--- PROVIDED DATA ---
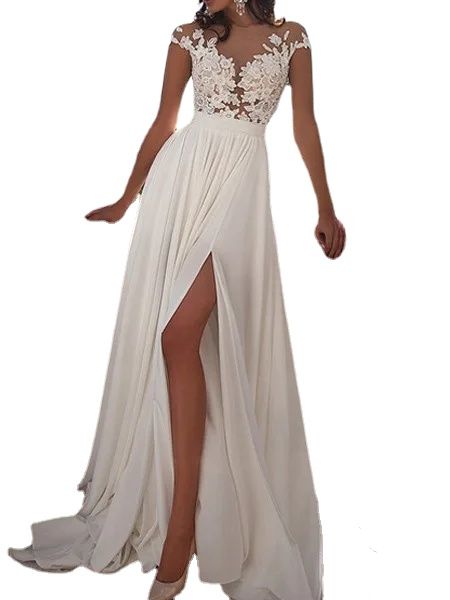 sheer lace beach bridal gowns appliqued bohemian wedding dresses capped sleeves high split chiffon summer dresses, White
sheer lace beach bridal gowns appliqued bohemian wedding dresses capped sleeves high split chiffon summer dresses, White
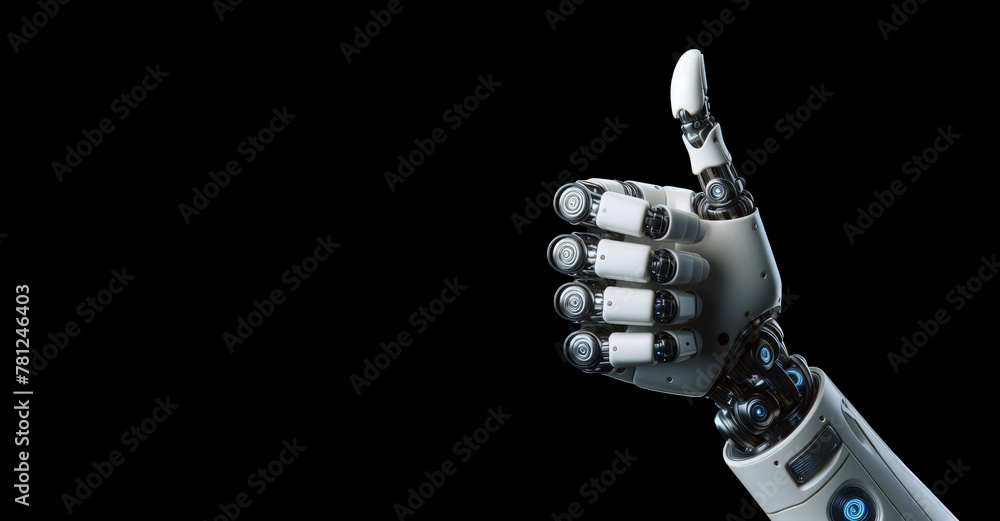 Wall mural robot thumb up right hand. robot hand thumbs up. robotic hand thumbs up. white robotic thumb up blac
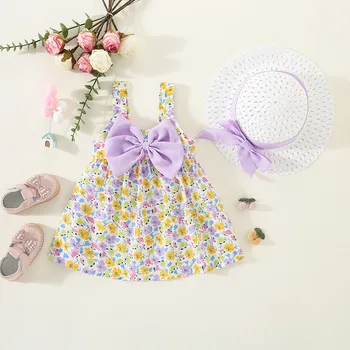 Yaz Toddler Kız Elbise Takım Elbise Bebek Plaj Elbiseleri Sevimli Ruffles Kollu Pamuk Yenidoğan Prenses Elbise + İlmek Sunhat 2 Adet Setleri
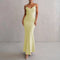 Women's Strap Sleeveless Backless Flower Draped Maxi Dress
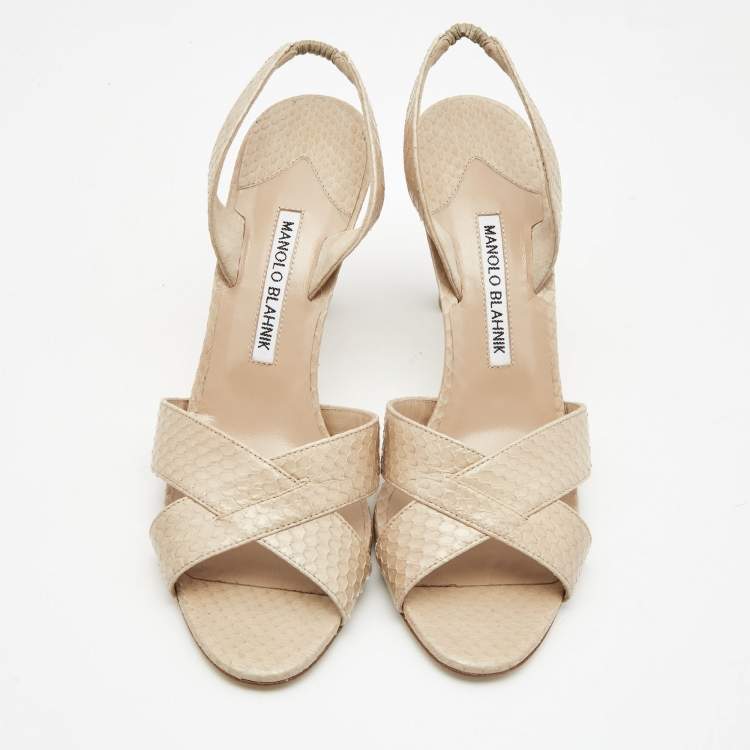 Pre Owned Manolo Blahnik Beige Snakeskin Leather Callasli Slingback Sandals Size 39.5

--- TASK DIRECTIONS ---
Your task is to output the material word for word while leaving out every image.

--- THE ANSWER ---
 sheer lace beach bridal gowns appliqued bohemian wedding dresses capped sleeves high split chiffon summer dresses, White
sheer lace beach bridal gowns appliqued bohemian wedding dresses capped sleeves high split chiffon summer dresses, White
 Wall mural robot thumb up right hand. robot hand thumbs up. robotic hand thumbs up. white robotic thumb up blac
 Yaz Toddler Kız Elbise Takım Elbise Bebek Plaj Elbiseleri Sevimli Ruffles Kollu Pamuk Yenidoğan Prenses Elbise + İlmek Sunhat 2 Adet Setleri
 Women's Strap Sleeveless Backless Flower Draped Maxi Dress
 Pre Owned Manolo Blahnik Beige Snakeskin Leather Callasli Slingback Sandals Size 39.5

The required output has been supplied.